Let’s discuss how this works.
Yanez’s Financial Crime Prevention Vulnerability Scanner is a provider agnostic platform that can measure the efficacy and robustness of systems used for sanctions screening, and in the near future for KYC, transaction monitoring for AML and fraud prevention. Using the platform’s Comparison module, sponsor bank compliance teams can establish a standard based on quantifiable metrics that must be met by the output of the fintech’s systems in order to be certified by the sponsor bank. For the purpose of this discussion, we’ll use sanctions screening to further illustrate the process the compliance team at a sponsor bank would follow to “certify” that a fintech client’s system meets the Bank’s standard.

As mentioned, the standard is a collection of metrics. These metrics are relevant to sanctions screening practice like false negatives (e.g. there are no literal misses to entries in the list), list update (e.g. how fast the screening system updates their lists when there is an update), coverage (e.g. ensuring that all the required lists are taken into consideration for a given jurisdiction), and name variation detection (e.g. how good is the system in detecting different type of name variations). The bank’s standard can be established based on their current system’s results to these metrics or in general to the benchmark set by Yanez Compliance.

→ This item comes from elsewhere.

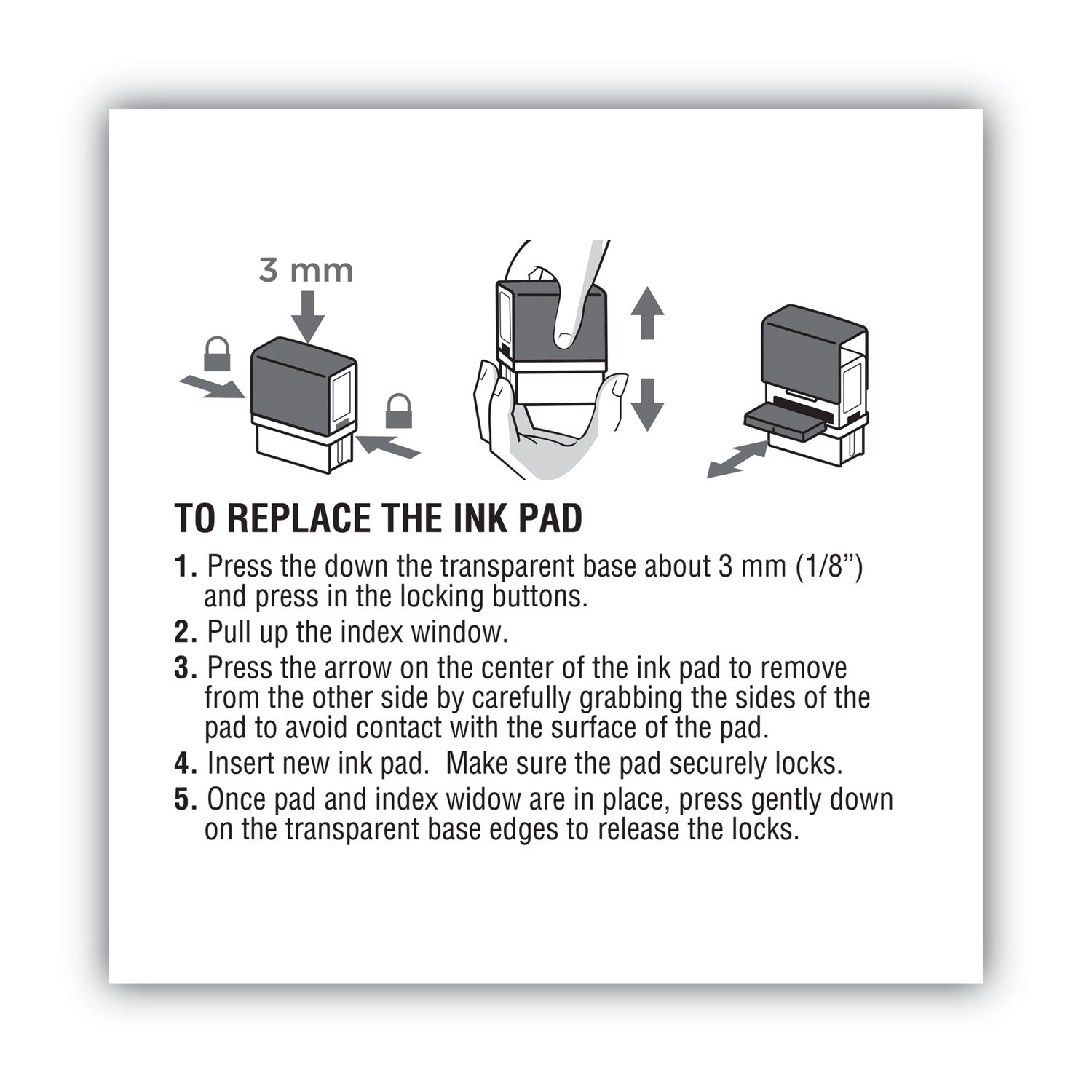 COSCO 2000PLUS Replacement Ink Pad for 2000PLUS 1SI60P, 3.13" x 0.25", Black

Yanez provides an offline “sandbox” environment, within the Yanez platform, to run transactional scenarios in comparison to the client’s system. The standard is “loaded” into this sandbox environment. The Bank’s model will have the proper attributes and “fuzziness” for matching that the bank deems necessary for their risk appetite. Next, the fintech will load a copy of the configuration for their sanctions screening provider into the Yanez platform for comparison testing.
To test the two systems, a data set of those sanctioned within the desired jurisdiction is sourced directly from the appropriate authority. Then a broader data set is developed from that source, using Yanez’s proprietary AI technology. This broader set is built specifically to statistically measure the response of the systems.
When run against the Bank standard and the fintech’s setup, the output provides a side-by-side comparison of the sponsor bank system to the client system, as to whether it meets, exceeds, or falls short of the Bank’s risk benchmark. For a fintech using the same screening system, it’s a straightforward exercise of ensuring the geographic and jurisdictional parameters are aligned with those of the sponsor bank, along with setting the fuzzy percentage to the same level as the sponsor bank. For those with a system that is different than the Bank’s, the platform acts as a translator to represent how the values in the "challenger” system equates to the Bank’s.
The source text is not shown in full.